Me: (Regretting opening my mouth) This sex columnist Dan Savage hated Santorum so much that he started calling something really disgusting "Santorum", and now every time I hear his name I think of it.
Mother: What? What does it mean?
Me: I can't tell you.
Mother: Come on! What does it mean??? Umm... Scrotum? Does it mean Scrotum?
Me: Mom! No!
Mother: You can't dangle this in front of me like that! (Direct quote.)
Me: It's something that happens when men have gay sex.
Mother: Oh! Dirty Sanchez?
Me: Uch... no. (She keeps harping.) It's something that comes out of a man's ass after gay sex.
Mother: Umumum... Doody?? Does it mean doody?
Me: Doody and... something else. Gay sex.
Mother: (pause.) How could you tell me that?
Me: But I warned you!
Mother: No, you're right. I pushed for it.
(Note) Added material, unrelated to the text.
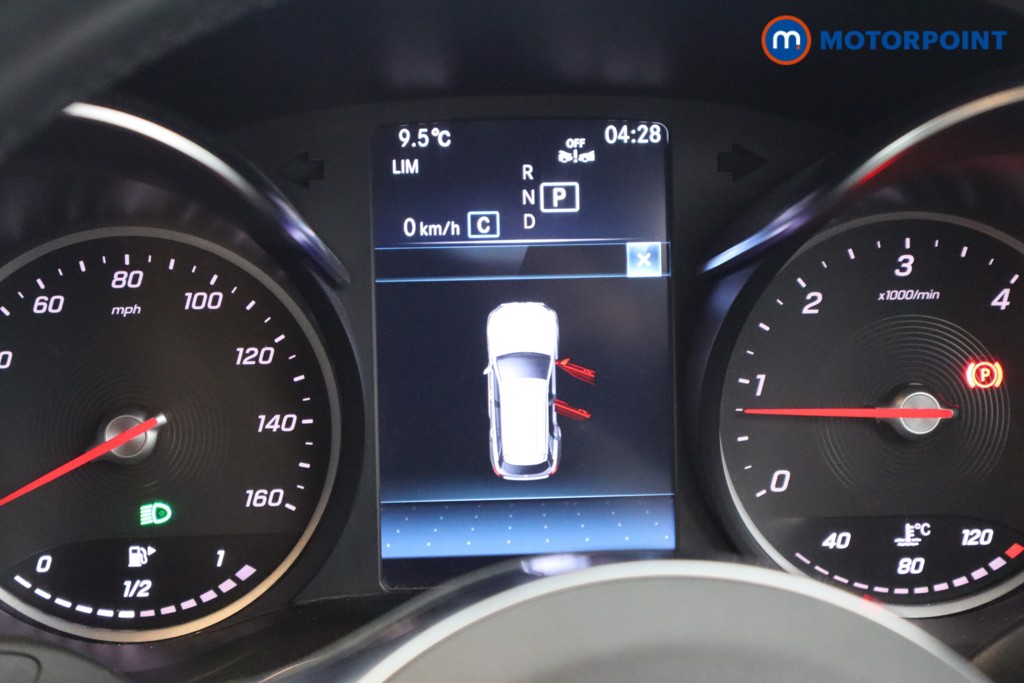 Used Mercedes-Benz GLC 2022 for sale - 77340557: Photo 18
For an entire website donated to this definition (mind you, the first hit on Google when searching for his name), visit Spreading Santorum. And courtesy of My First Fan(c) Atara, Santorum brought home a 20 week old stillborn for his children to hold. I didn't believe it either, but here's the article. Sad story equally balanced with a little creepiness.
Also, I'd like to add my favorite quote from the election coverage on CNN last night, courtesy of Jeff Greenfield: "Tammy Duckworth, running in Illinois, lost both of her legs in Iraq. She's currently trailing her opponent."
So... did you miss me?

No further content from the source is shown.